O pescador Vilson Correa, da Accaplez, aproveitou o momento para contar um pouco da sua história junto à comunidade pesqueira de Zacarias que há 3 séculos habita o lugar, mas que está sendo ameaçada pelo empreendimento luso-espanhol que quer construír um resort com um campo de golfe. “Somos assediados sempre e repudio o poder executivo local, além do Inea, que liberou a construção”, relatou e completou: “Vocês acham que eu com 56 anos e tantos de trabalho no mar vou ficar catando bolinha de golfe? É muito sofrimento”, desabafou.
Para a defensora Lívia Casseres disse que os povos e comunidades tradicionais desafiam o modelo de sociedade forjado de hoje, uma sociedade que não reconhece os valores ancestrais e das tradições. “Estamos há pouco mais de um século da abolição da escravidão, mas ainda estamos alijados, assim como os indígenas, os pescadores, os povos tradicionais em geral”, explicou. Tenho trabalhado para aprofundar o acesso à justiça das populações tradicionais”, explicou.

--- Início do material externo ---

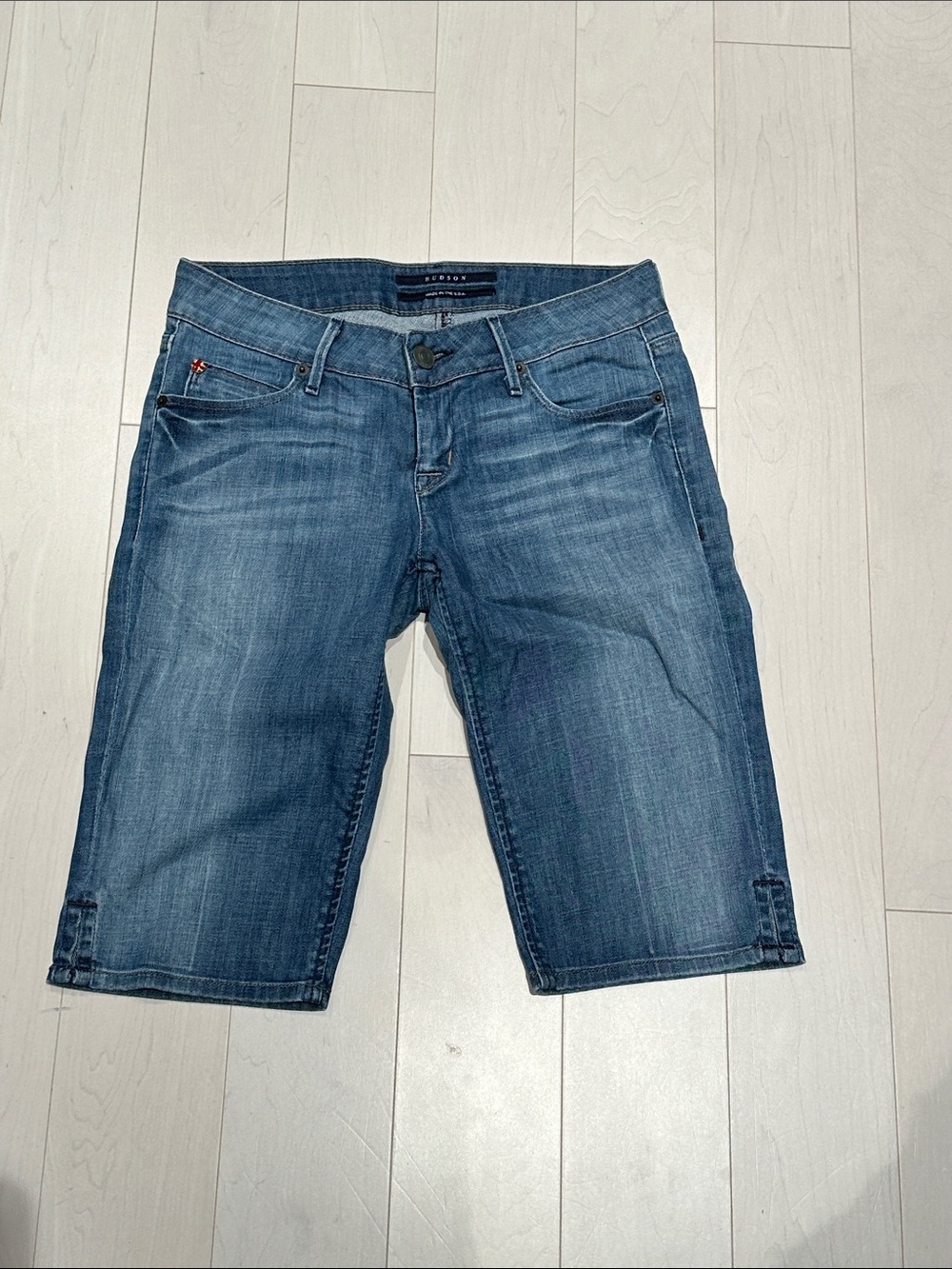 Hudson Women's Mid-Blue Denim low rise Bermuda denim shorts - size 26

Geisy Leopoldo, gerente de educação ambiental do Inea, explicou que o órgão está criando uma área e que se compromete com o diálogo com as populações. “O Estado é construído por pessoas e interesses. Queremos abrir o diálogo para ouvir as demandas”, informou. Logo em seguida, Flavio Serafini propôs um grupo de trabalho composto por representantes dos povos e comunidades tradicionais e o Inea para discutir as questões do licenciamento nessas áreas.
Ainda falaram diversos moradores de quilombos, pescadores e indígenas, além de representantes do Incra, Inepac e Ministério do Desenvolvimento Agrário. A advogada da Accaplez, Thatiana Duarte aproveitou a ocasião ainda para denunciar a criminizalização dos povos e comunidades tradicionais. “Os órgãos ambientais violetam, multam, violam. Precisamos reverter esse quadro e o poder público deve cumprir seu papel que é de orientação e cuidado que essa população que construiu a nossa história merece”, afirmou.

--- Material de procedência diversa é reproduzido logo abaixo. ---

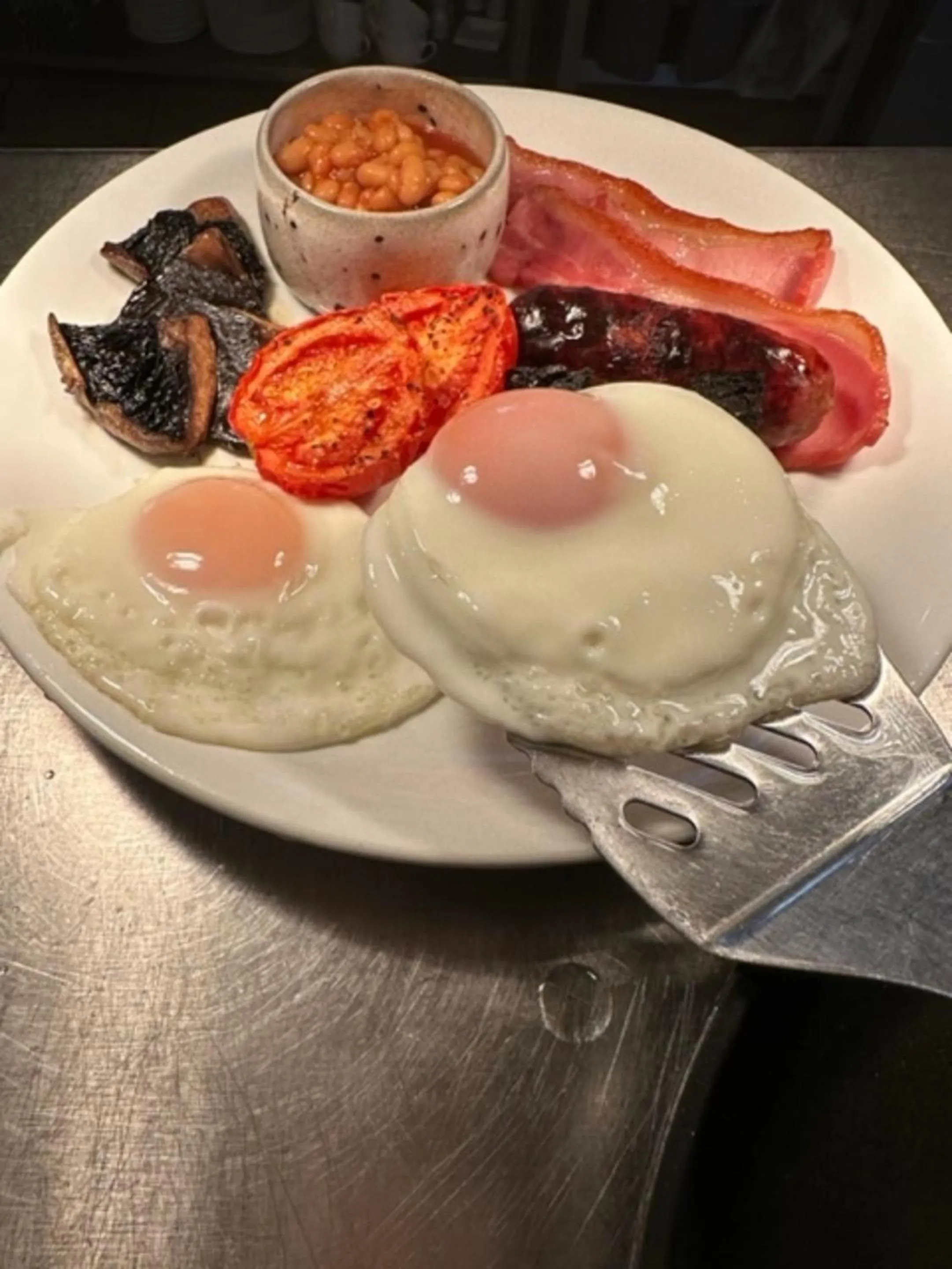 Breakfast in Brickfields Farm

Os próximos passos de trabalho e mobilização serão mapear os territórios que não estiveram na audiência, resolver as demandas urgentes que surgiram durante o debate, apoiar as comunidades no encaminhamento do termo de referência para que possam discuti-lo em seus respectivos territórios, além de traçar um comitiva de visita às comunidades envolvidas. Todas essas etapas serão para estruturar a proposta do termo de referência para que assim possa ser aberto à consulta prévia.